If any of you pay attention to Image’s solicitations, you might have seen that the preview text for this issue simply read “Something bad happens.” Coupled with the fact that The Outhouse didn’t receive an early review copy (presumably for fear that the issue would leak), this led me to believe that this issue would be, for a lack of a better term, a big fucking deal. However, upon reading the issue itself I found that all the hype may have been a bit overzealous.
Sure, Prince Robot IV’s wife gets a blade through the face (through the screen?), but she’s just a minor character. I was expecting to see a major character death, or maybe even Marko and Alana’s “split” that was mentioned at the end of last issue. Disappointed definitely isn’t the right word to describe how I felt, but I might say underwhelmed.
Still, I thoroughly enjoyed this chapter, even if the story Vaughn is setting up is most likely going to end in tragedy for just about everyone. Not only is Marko continuing to develop a relationship with the bat-faced dance instructor (a relationship which may develop into a romance, a probable catalyst for the future break-up), but Alana starts munching on some hallucinogenic drugs. If someone were ever to teach a class on how destroy a marriage, this issue would make a good textbook. I imagine that someday there will be a stately-looking professor in thick-rimmed spectacles and a tweed jacket pointing to the panel where Alana denies that being the mother precludes her from getting mad stoned and indicating to his students that “This kills the relationship.”
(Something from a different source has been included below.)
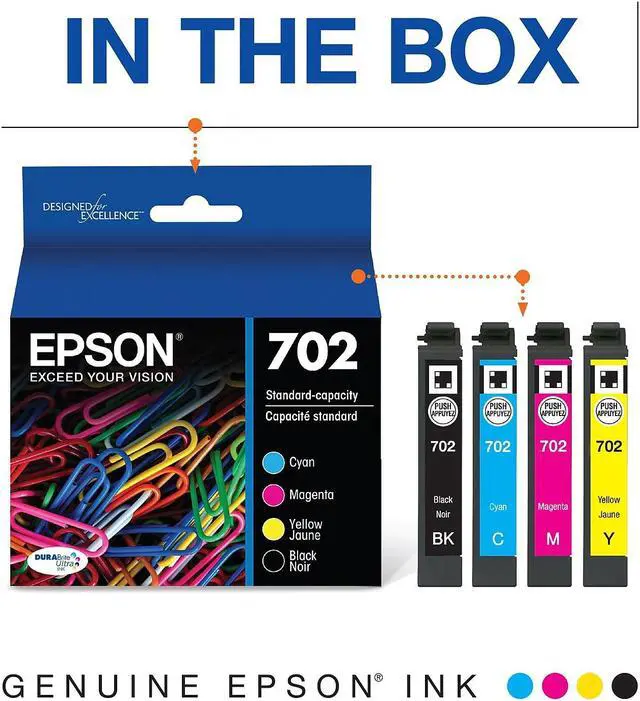 Alt view image 12 of 20 - Epson Durabrite Ultra 702 Ink Cartridge - Black Cyan Magenta Yellow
It should be foregone conclusion by this point, but once again Fiona Staples knocks this issue out of the park. The standout moment of this issue was Alana tripping out on “Fadeaway”, a drug she gets from one of her coworkers. The use of panel breaks here is very inventive, splitting the image to imply passage of time and leading up to a full page splash that got a big laugh out of me.
At the end of the day we’re left with a lot of questions. What will destroy our main characters’ marriage first, Alana’s drug habits or Marko’s possible affair? What does Janitor-bot want with Robot’s son? How long will we have to endure images of Robot’s sexcapades? And just like always, Saga gives us more than enough reason to wait for the next issue to get some answers.